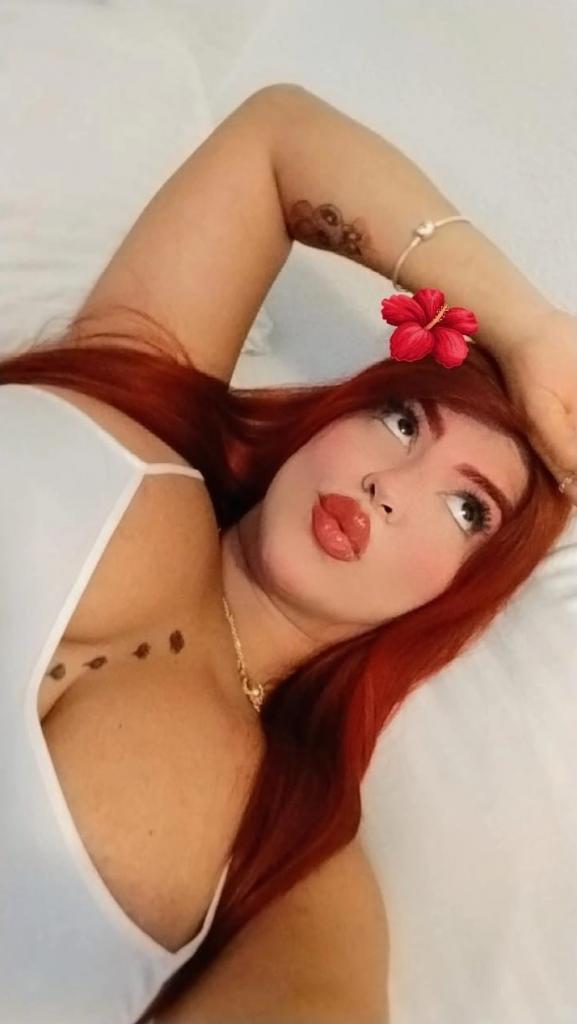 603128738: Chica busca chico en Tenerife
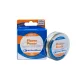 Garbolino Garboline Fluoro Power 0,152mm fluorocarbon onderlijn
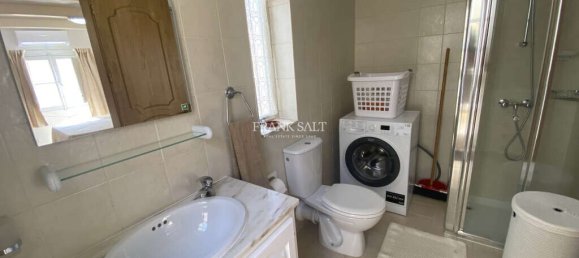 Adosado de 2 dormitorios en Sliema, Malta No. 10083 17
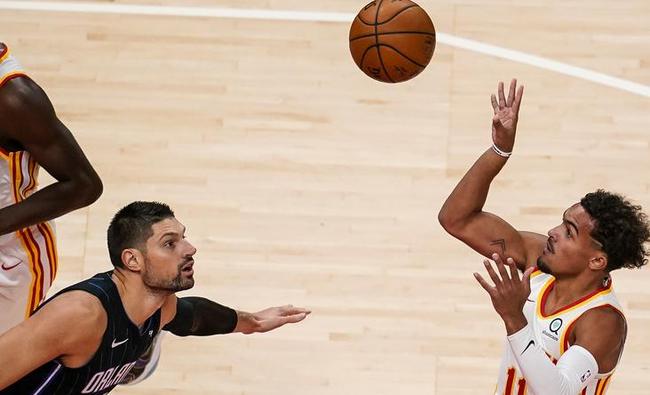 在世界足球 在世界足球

* * *

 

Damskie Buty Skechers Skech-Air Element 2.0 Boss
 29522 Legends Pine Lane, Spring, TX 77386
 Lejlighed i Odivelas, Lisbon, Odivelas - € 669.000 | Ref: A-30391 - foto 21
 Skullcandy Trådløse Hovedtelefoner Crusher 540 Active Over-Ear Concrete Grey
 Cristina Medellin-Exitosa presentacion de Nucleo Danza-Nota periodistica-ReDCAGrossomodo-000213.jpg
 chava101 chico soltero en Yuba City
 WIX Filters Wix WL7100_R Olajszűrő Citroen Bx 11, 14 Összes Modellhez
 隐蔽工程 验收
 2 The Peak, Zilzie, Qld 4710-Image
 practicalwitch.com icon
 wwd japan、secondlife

> [EXERCISE]: Please return only the lines above, starting at the line that has "WIX Filters Wix" and ending at the line that has "wwd japan、secondlife", keeping both and leaving each one unchanged.

> [ANSWER SPACE]:
 WIX Filters Wix WL7100_R Olajszűrő Citroen Bx 11, 14 Összes Modellhez
 隐蔽工程 验收
 2 The Peak, Zilzie, Qld 4710-Image
 practicalwitch.com icon
 wwd japan、secondlife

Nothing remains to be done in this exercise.